What is Chronic Fatigue Syndrome / Myalgic Encephalomyelitis?
Chronic fatigue impairs the ability to carry out normal activities because of extreme tiredness. This fatigue can be both physical and cognitive. ME/CFS symptoms often include:
- persistent or recurring fatigue that interferes with normal day-to-day activities and is not relieved by rest
- malaise or not feeling well after physical or mental activity
- pain and headaches
- unrefreshed sleep
- cognitive impairments, sometimes described as “brain fog”
Nervous system and immune system responses may also be present, and can include tender lymph nodes, gastrointestinal difficulties, atypical heartrate, and light or sound sensitivity.
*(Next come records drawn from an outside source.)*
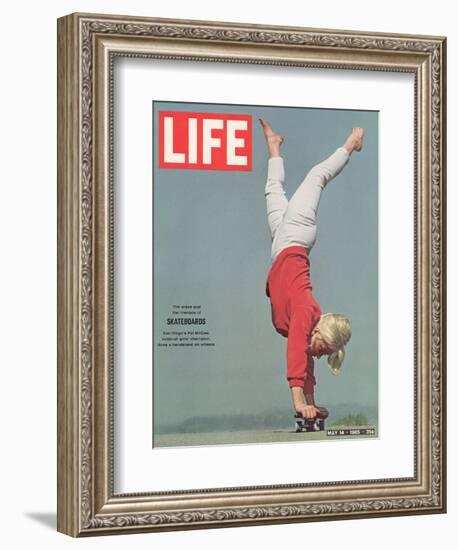 Girl Doing Handstand on Skateboard, May 14, 1965-Bill Eppridge-Framed Photographic Print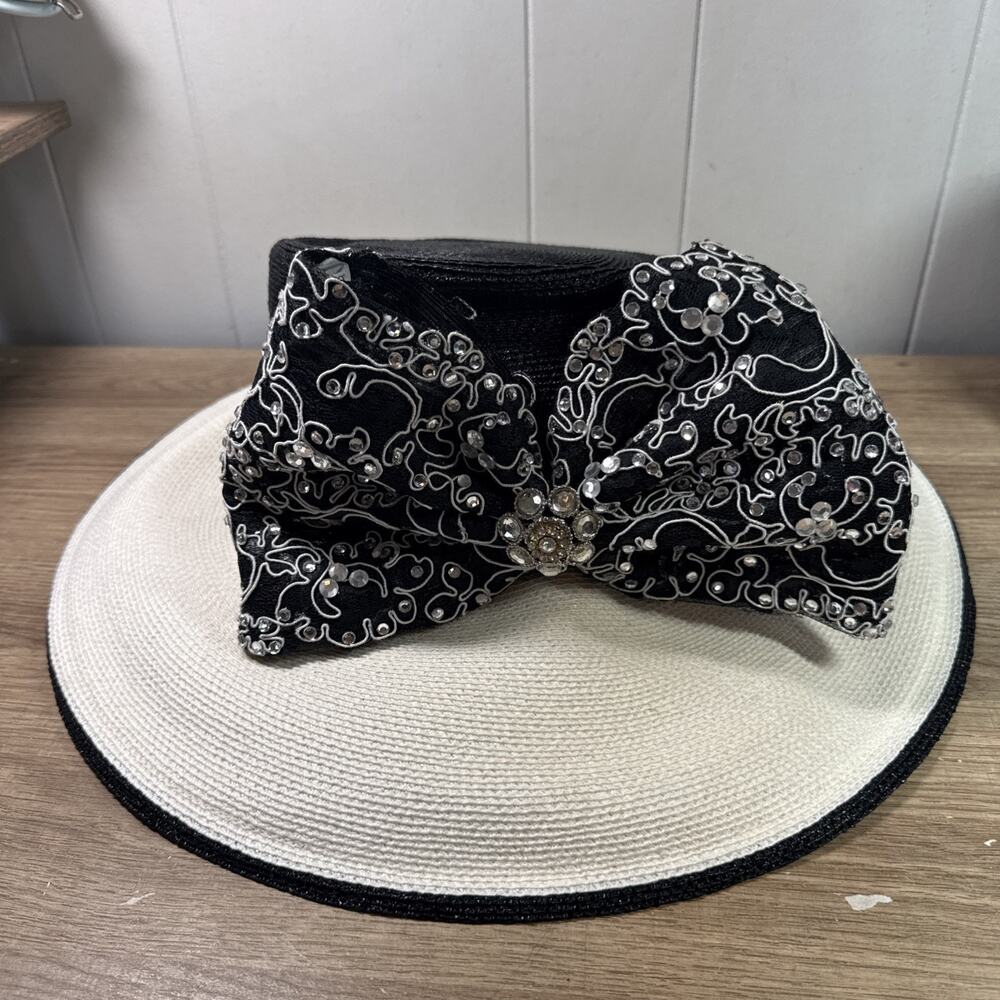 Vintage shellie mcdowell New York Black With Big Bow And Gems Church Hat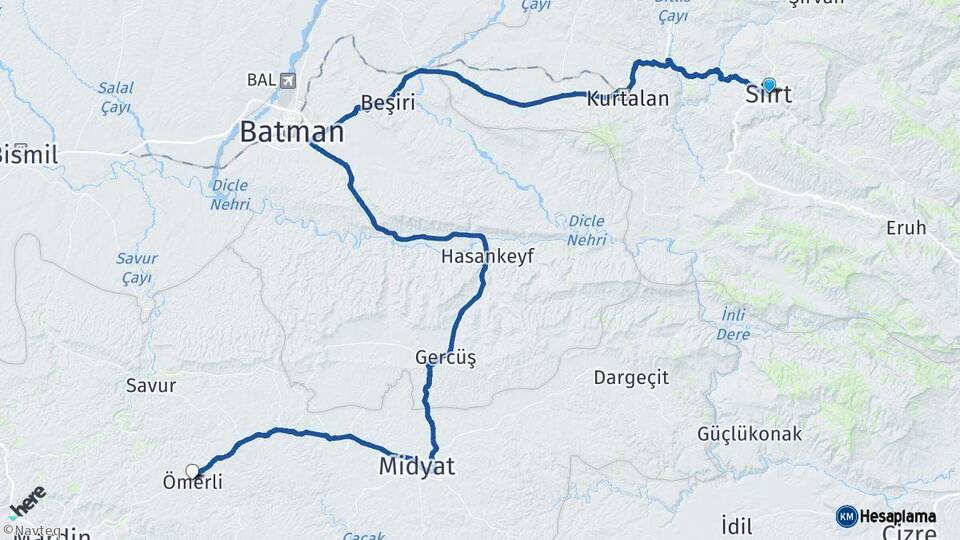 Siirt Ömerli Mardin Arası Kaç Km - Yol Haritası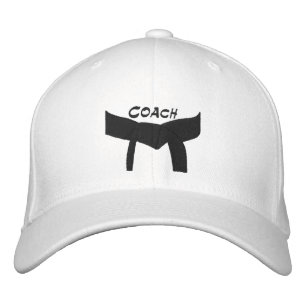 Custom Martial Arts Black Belt Coach Embroidered Hat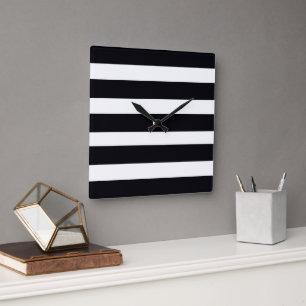 Classic Simple Black And White Striped Modern Chic Square Wall Clock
In fact, the World Health Organization has characterized ME/CFS as a neurological disease since 1969.
Chronic fatigue is sometimes associated with depression and anxiety, but this does not mean that myalgic encephalomyelitis is “all in your head” as some skeptics (and some insurance adjusters) may believe.
Chronic fatigue syndrome can be confused with fibromyalgia. Some symptoms may overlap, but they are distinct medical conditions. In ME/CFS, the primary symptoms are fatigue and malaise after physical or mental activity, whereas in fibromyalgia the main symptom is pain.
What Causes Chronic Fatigue Syndrome?
The cause of ME/CFS is not known, but research indicates multiple factors can play a role, including environmental, viral, microbial, social, physiological, and psychological. Up to 75% of people with chronic fatigue syndrome first experience symptoms after a viral infection. Epstein-Bar, for example, is one of the most common human viruses. Multiple studies in patients with ME/CFS have suggested an altered cellular immunity response triggered by the virus. Research is currently ongoing to investigate whether the COVID-19 virus may also be linked to chronic fatigue, especially for those with long-COVID.
Diagnosing Chronic Fatigue Syndrome
Being diagnosed with myalgic encephalomyelitis can be challenging. There are currently no reliable diagnostic tests available. Many symptoms overlap with symptoms of other conditions, such as other neurological disorders, autoimmune disease, and endocrine disorders. In Canada, a diagnosis of ME/CFS is typically only made after ruling out all other possible causes of the symptoms experienced. In the USA, the Centre for Disease Control requires three core characteristics of ME/CFS that must be present for diagnosis to occur, in addition to one of two secondary symptoms.
First, there must be a significant reduction in your ability to do things you could do before, and it does not go away despite rest or sleep.
Second, symptoms of ME/CFS get worse after physical or mental activities. This is often called post-exertional malaise, or PEM.
The third requirement is some issue with sleep. Typically sleep does not provide the same level of recovery as the average person, and there may also be trouble getting to sleep or staying asleep.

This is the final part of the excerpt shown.